Part 2 - Handling Spaces, Repetition

Recap

In the previous chapter we defined a parser that could identify the different parts of an addition, separate out the numbers, and return their sum:

>>> from lepl import *
>>> number = SignedFloat() >> float
>>> add = number & ~Literal('+') & number > sum
>>> add.parse('12+30')
[42.0]

(remember that I will not repeat the import statement in the examples below).

An obvious problem with this parser is that it does not handle spaces:

>>> print(add.parse('12 + 30'))
None

where I’ve used the same trick as earlier to show that None is returned.

So in this section we’ll look at the various ways we can handle spaces (and learn more about other features of LEPL along the way).

Explicit Spaces

The simplest way to handle spaces is to add them to the parser. LEPL includes the Space() matcher which recognises a single space:

>>> number = SignedFloat() >> float
>>> add = number & ~Space() & ~Literal('+') & ~Space() & number > sum
>>> add.parse('12 + 30')
[42.0]

But now our parser won’t work without spaces!

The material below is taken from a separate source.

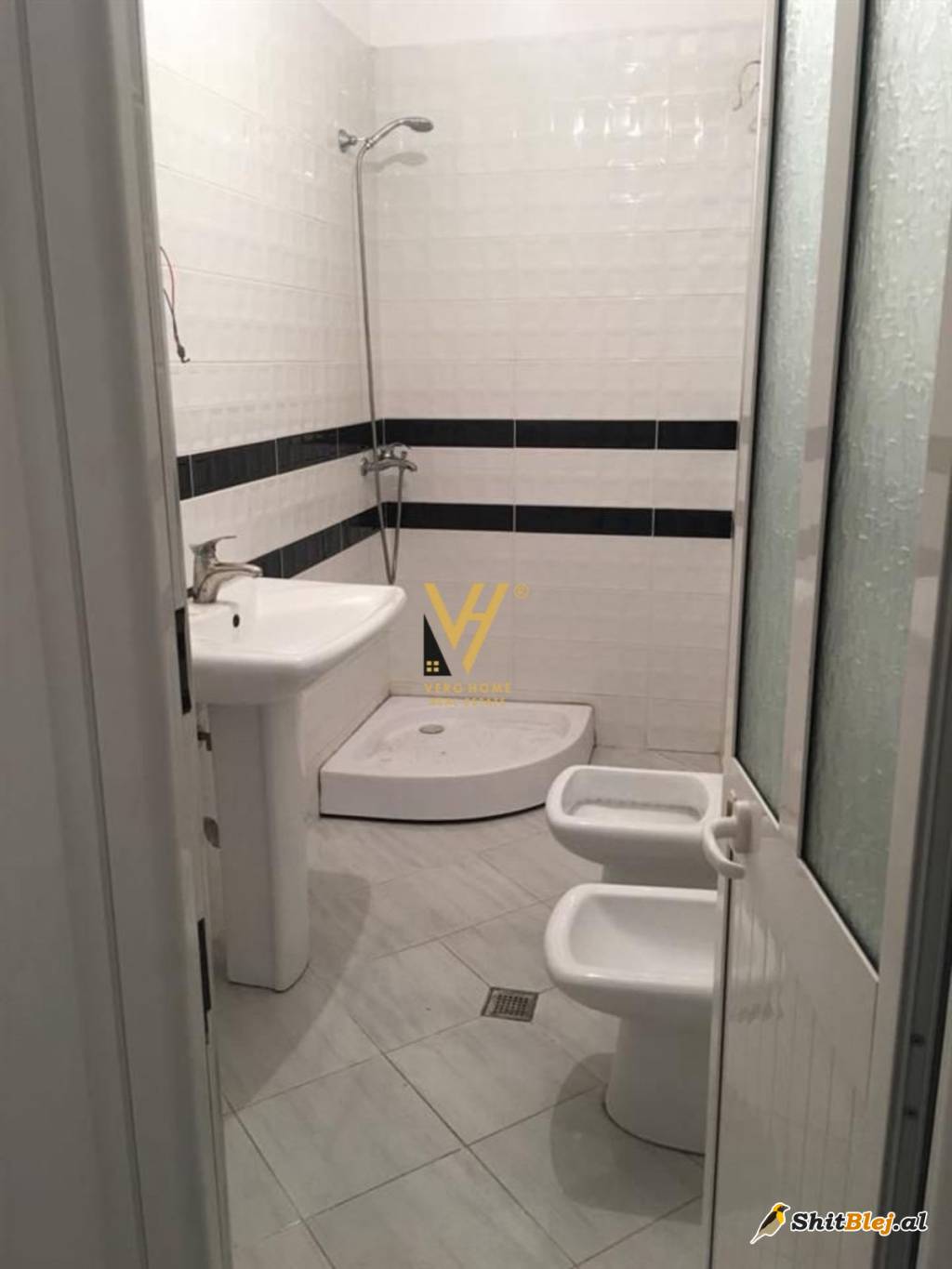 ZYRE 90 M2 ME QERA TE DON BOSKO 700 EURO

>>> print(add.parse('12+30'))
None

The Star Matcher

To fix the problem described above, where we can match only a single space, we would like to match any number of spaces. There are various ways of doing this. If you are used to using regular expressions you may realise that this is what the “*” symbol does. And in LEPL we have something similar.

The Star() matcher repeats its argument as many times as necessary (including none at all). This is what we need for our spaces:

>>> number = SignedFloat() >> float
>>> spaces = ~Star(Space())
>>> add = number & spaces & ~Literal('+') & spaces & number > sum
>>> add.parse('12 + 30')
[42.0]
>>> add.parse('12+30')
[42.0]
>>> add.parse('12+     30')
[42.0]

Note that I included a ~ in the definition of spaces so that they are dropped from the results.

Repetition

As well as Star(), LEPL supports a more general way of specifying repetitions. This uses Python’s array syntax, which looks a bit odd at first, but turns out to be a really neat, compact, powerful way of describing what we want.

The easiest way to show how this works is with some examples.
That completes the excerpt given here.